§ **DATA**
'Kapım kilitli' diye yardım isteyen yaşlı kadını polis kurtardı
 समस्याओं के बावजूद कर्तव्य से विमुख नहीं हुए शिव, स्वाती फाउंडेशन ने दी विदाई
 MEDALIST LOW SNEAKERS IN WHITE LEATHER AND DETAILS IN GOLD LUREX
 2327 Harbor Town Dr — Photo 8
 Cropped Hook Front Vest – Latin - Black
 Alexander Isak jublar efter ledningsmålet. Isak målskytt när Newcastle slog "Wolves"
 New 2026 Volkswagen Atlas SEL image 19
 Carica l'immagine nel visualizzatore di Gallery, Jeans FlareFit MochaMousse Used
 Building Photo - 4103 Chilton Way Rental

§ **TASK**
Every entry must be quoted exactly as it appears above.

§ **ANSWER TO THE PROBLEM**
'Kapım kilitli' diye yardım isteyen yaşlı kadını polis kurtardı
 समस्याओं के बावजूद कर्तव्य से विमुख नहीं हुए शिव, स्वाती फाउंडेशन ने दी विदाई
 MEDALIST LOW SNEAKERS IN WHITE LEATHER AND DETAILS IN GOLD LUREX
 2327 Harbor Town Dr — Photo 8
 Cropped Hook Front Vest – Latin - Black
 Alexander Isak jublar efter ledningsmålet. Isak målskytt när Newcastle slog "Wolves"
 New 2026 Volkswagen Atlas SEL image 19
 Carica l'immagine nel visualizzatore di Gallery, Jeans FlareFit MochaMousse Used
 Building Photo - 4103 Chilton Way Rental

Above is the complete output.